Nancy Baker-Cahill invented an augmented reality program that brought people from far afield to stand in the middle of the desert to look at the landscape with added bursts of her own color. Her work acknowledges yet intervenes with what we all know, that the nature now is experienced digitally on your iphone.
A different sort of intervention is more problematic: vandalism. The fabric on Eric N. Mack’s sculpture was stolen. The piece no longer exists. I watched a small child repeatedly kick the flawless inviting surface of Ruby’s sculpture while his mother looked on, eventually saying, “It’s not nice to kick art.”
Organizers try to involve the communities but clearly there are some who are less than welcoming to well-heeled outsiders, artists or viewers, who treat their neighborhoods as curiosities. As a result, two works have been removed but the rest remain through April 21.

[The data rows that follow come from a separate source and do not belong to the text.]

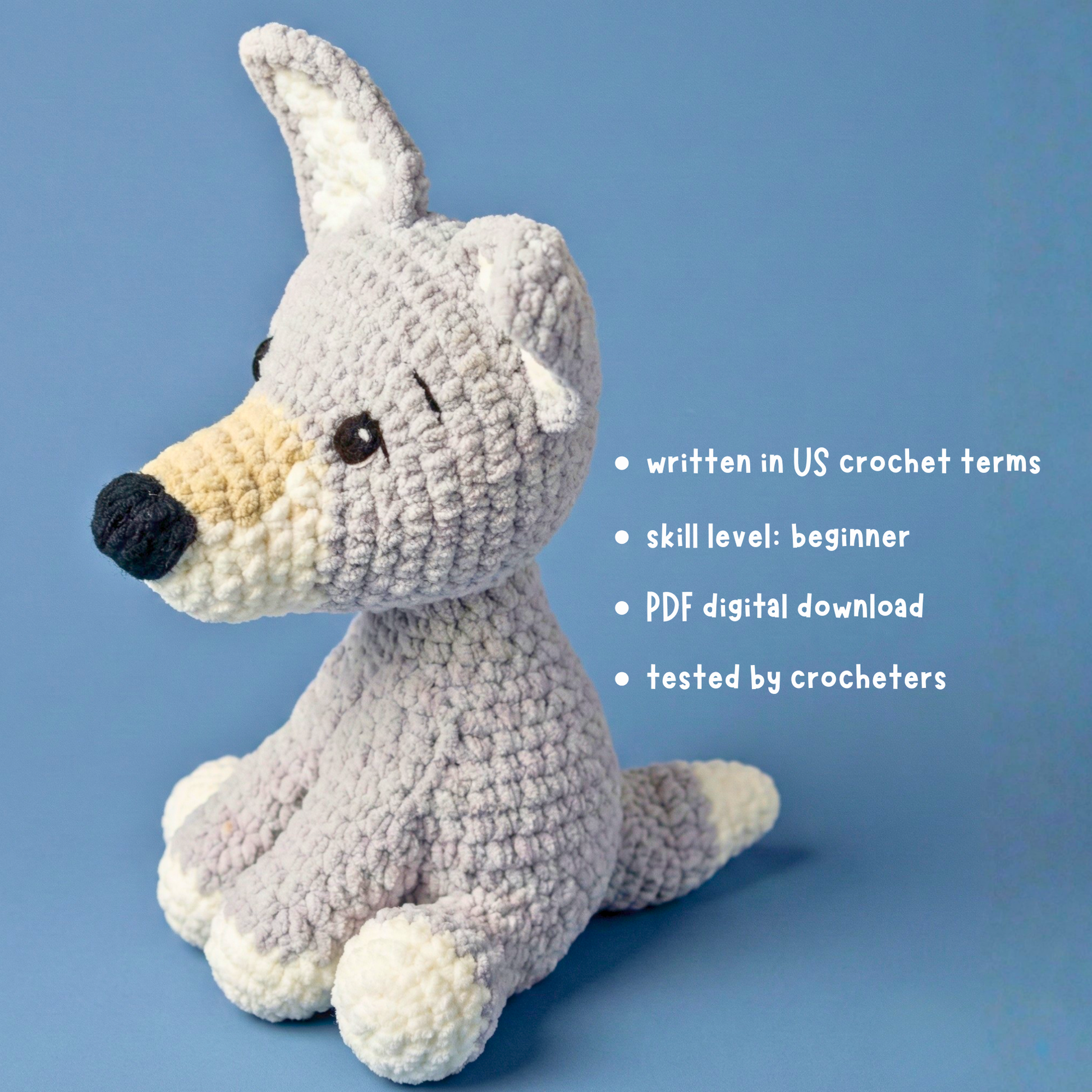 Gray and cream crocheted dog plush toy on blue background with crochet pattern details text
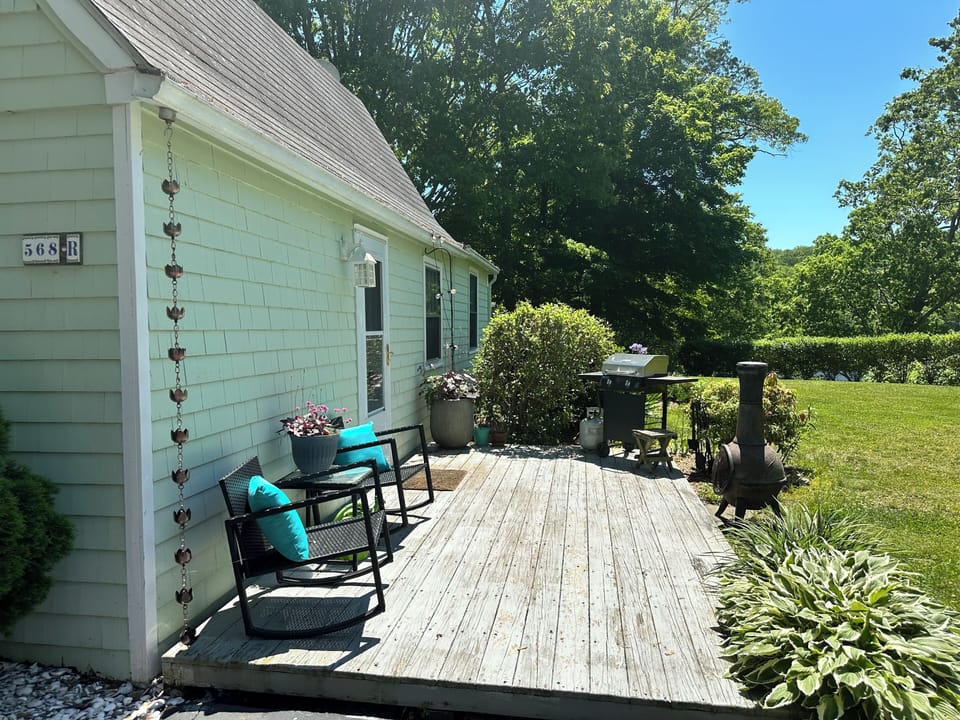 Access to backyard overlooking the Niantic River & 100ft+ private waterfront. 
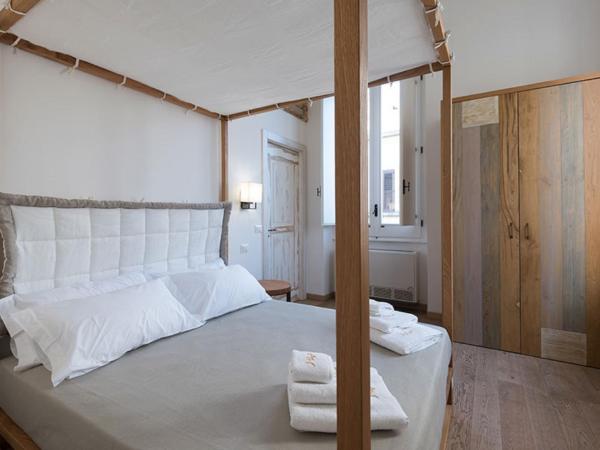 B&B Il Palazzotto Luxury Suites : photo 10 de la chambre chambre quadruple avec balcon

This is only the second year of Desert X and the first to venture all the way to the Salton Sea where it is possible to see works in the mischievously titled Bombay Beach Bienniale,which is actually held annually. Privately funded and organized by Stefan Ashkenazy, Lily White and Tao Ruspoli, in some ways it is the most interesting of the events.

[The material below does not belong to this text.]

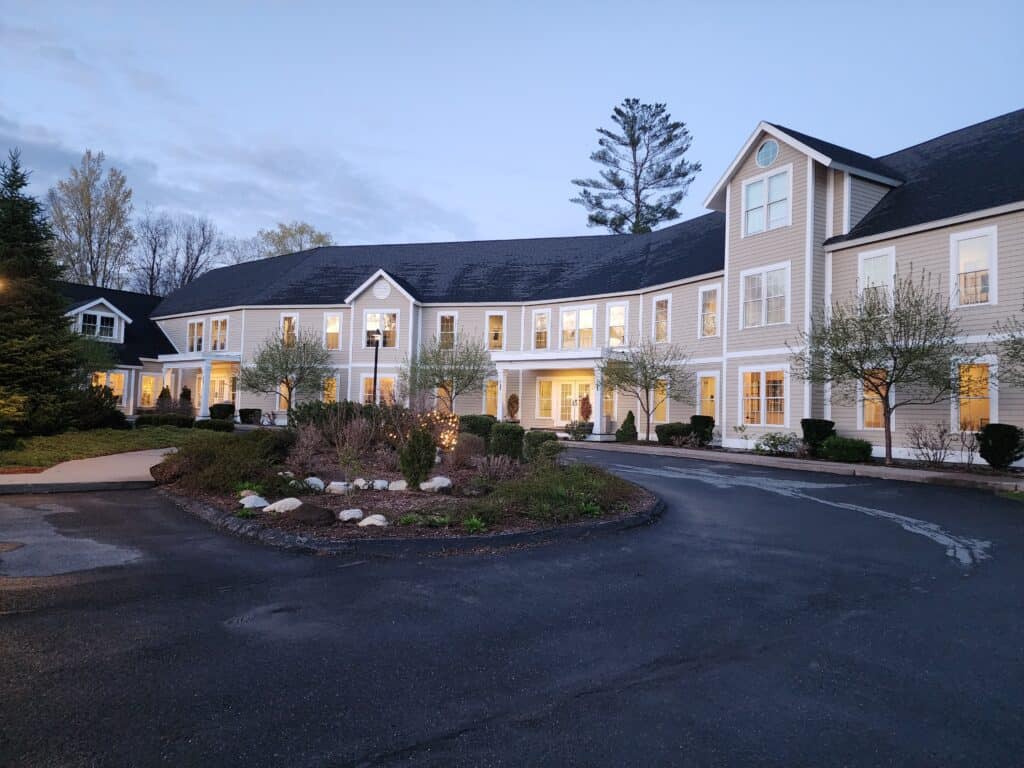 exterior image of a modest hotel evening hours in late spring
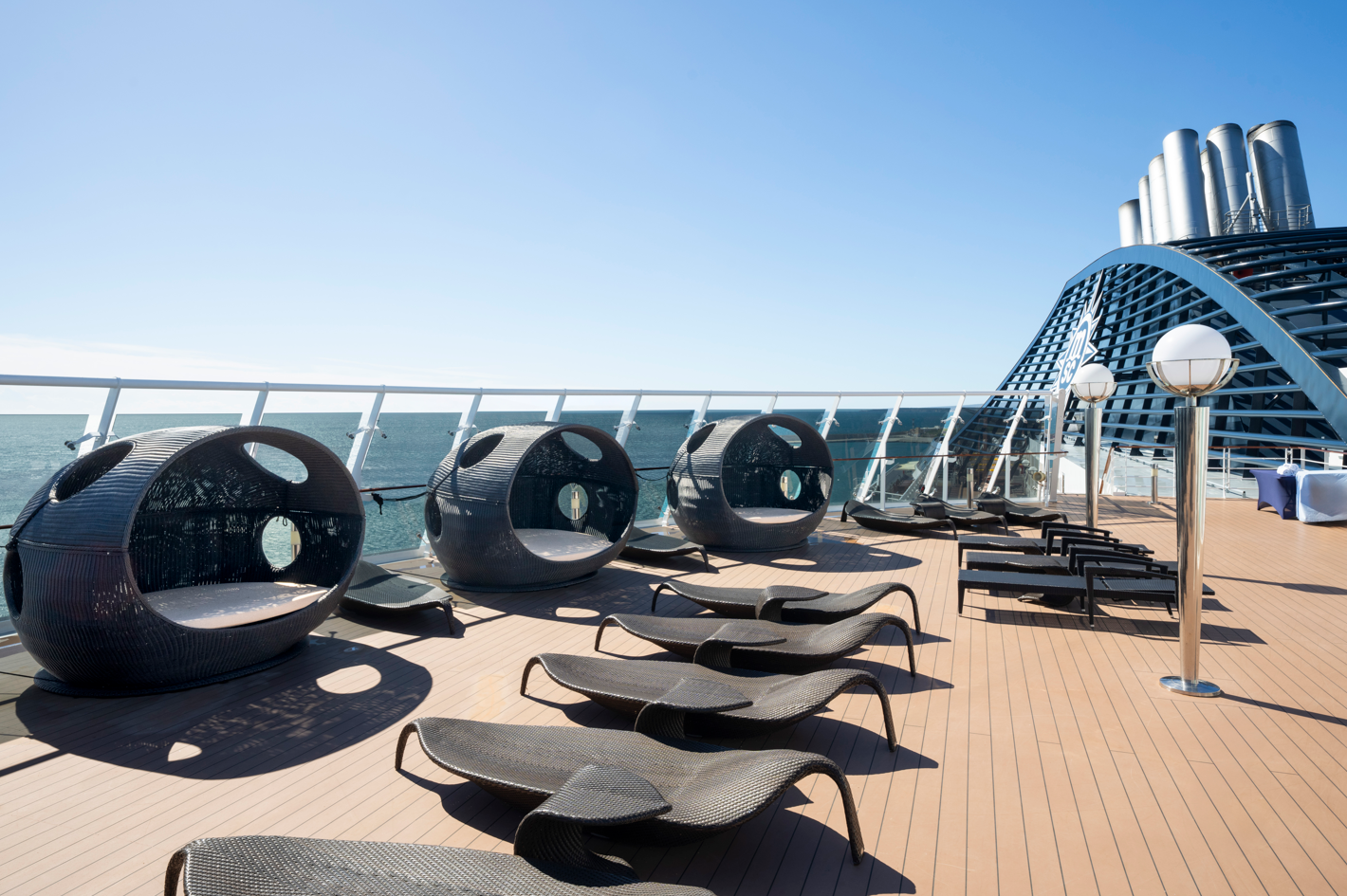 The image shows the deck of a cruise ship featuring a series of modern lounge chairs and circular seating arrangements. The scene is bright and sunny, with a view of the ocean in the background.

Welcoming visitors with a broken ferris wheel that has only one seat and a Showtime sign, many of the small houses and mobile homes around Bombay Beach, at the southern tip of the massive inland lake, have been transformed by artists such as Greg Haberny, Timothy Uriah Steele and James Ostrer, who created a wild performance hall and installation of his own photographs. Yassi Mazandi’s giant white flower sculpture is backed by a MRI-derived digial projection.
Kathy Suder’s photographs of the homeless and illuminated field of small tents titled Everybody is Somebody.

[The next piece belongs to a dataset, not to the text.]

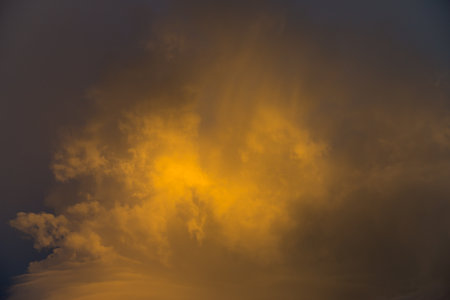 storm clouds with beautiful sunset lightの写真素材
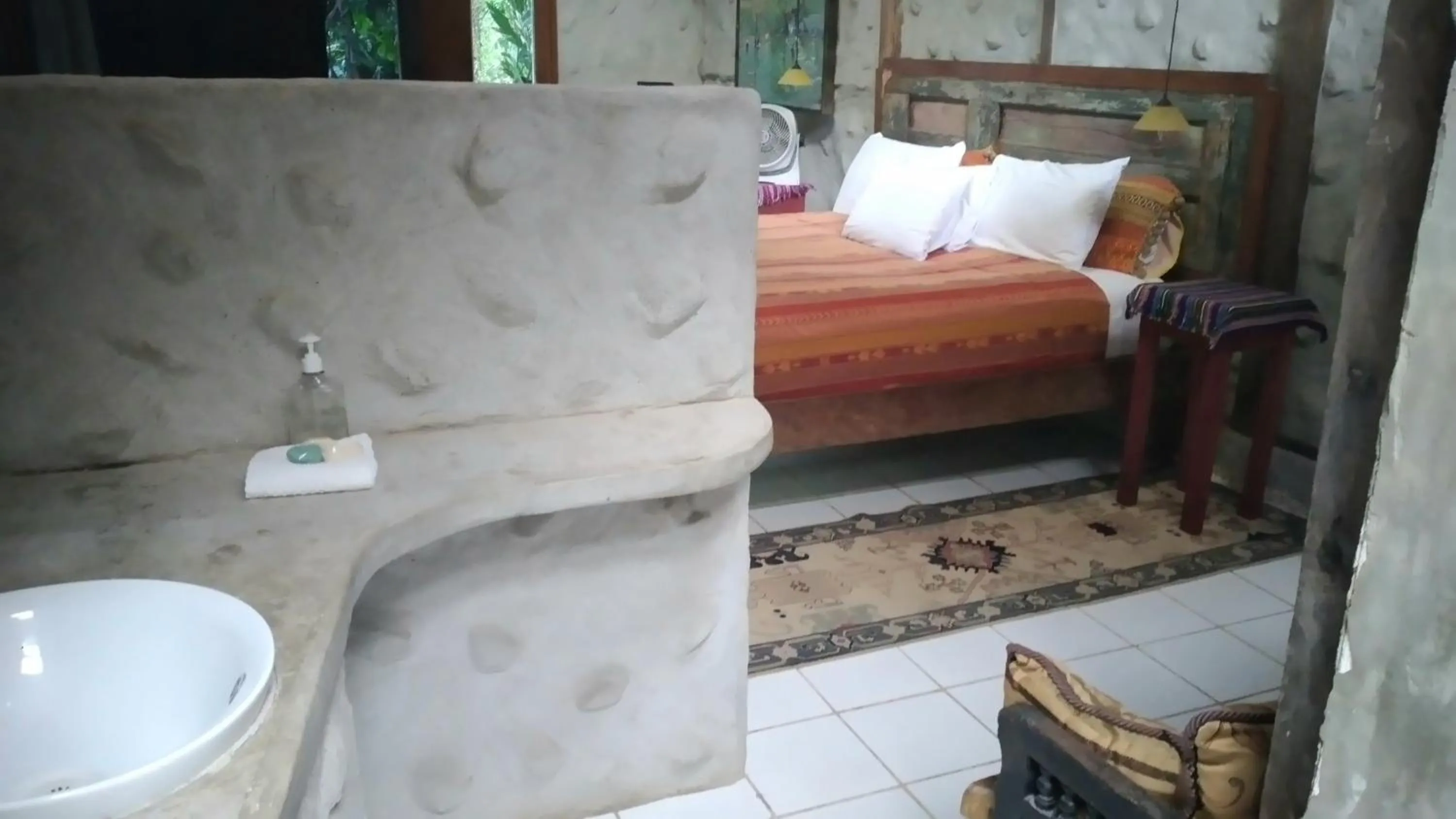 Bed in Tortugal Boutique River Lodge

Little of this would have evolved without the success of the Coachella Valley Music Festival, now in its 20th year, which has been adding to its roster of giant art experiences such as the tower of light, Spectra, by New Substance.
There is some overlap. Two pieces by Randy Polumbo, including the marvelous dystopian Lodestar, previously at Coachella, are now on view at Bombay Beach. bombaybeachbiennale.org . This is also the weekend of the Joshua Treenial, a gathering to the north of the area organized by Bernard Leibov of BoxoHOUSE with curator KJ Baysa.
Art Queen, High Desert Test Sites and other cultural partners are involved with these events, notably The Integratron, where performances take place from 7 p.m.on Saturday. An extension of Desert X, this year’s show, Paradise::Parallax with two dozen artists, is ONLY on view this weekend, April 12-14.
Much of the work draws attention to the environment and ecology, most importantly the preservation of the Salton Sea. This weekend offers a uniquely Southern California art scene in the High Desert complete with wild flowers and warm weather, enjoyable with or without the music.